> **Requirement**: Nothing in the data should change when you return it, but leave the pictures out.

> **Records provided**:
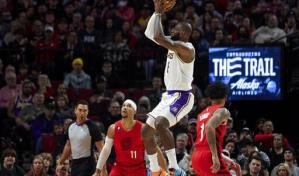 Los capitanes elegirán equipos el día del Juego de Estrellas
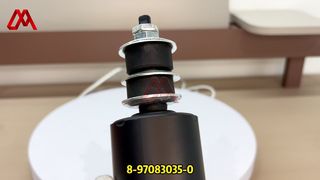 8972536171 8970830350 8-97253617-1 8-97083035-0 Voorste schokdemper voor ISUZU NPR 4HF1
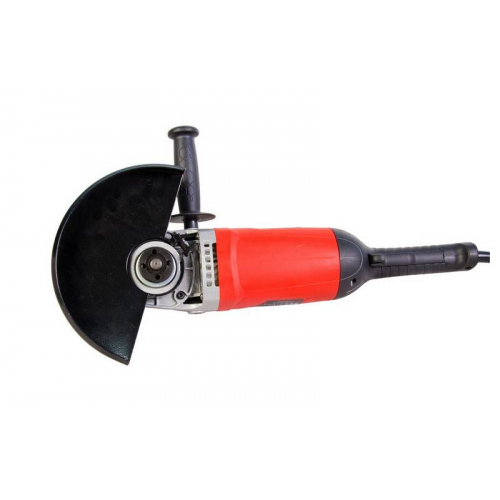 Машина кутошліфувальна MPT PROFI 150 мм 1400 Вт 8500 об/хв підшипники C&U MAG1403.02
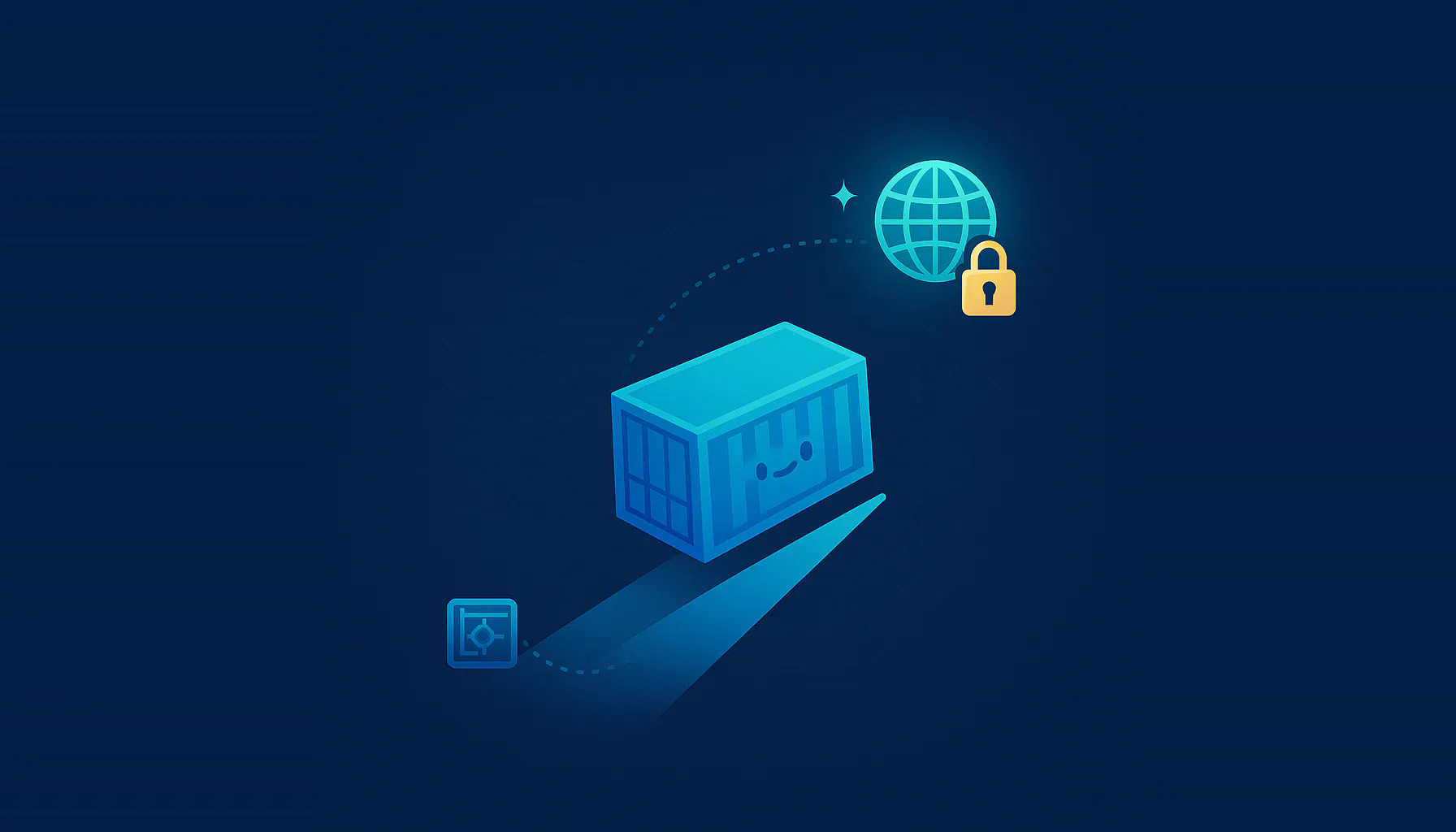 Capstone: Dockerize Your Own App End to End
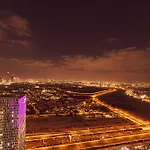 Luxe 6Br Penthouse With Burj View & Private Cinema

> **Task response**:
 Los capitanes elegirán equipos el día del Juego de Estrellas
 8972536171 8970830350 8-97253617-1 8-97083035-0 Voorste schokdemper voor ISUZU NPR 4HF1
 Машина кутошліфувальна MPT PROFI 150 мм 1400 Вт 8500 об/хв підшипники C&U MAG1403.02
 Capstone: Dockerize Your Own App End to End
 Luxe 6Br Penthouse With Burj View & Private Cinema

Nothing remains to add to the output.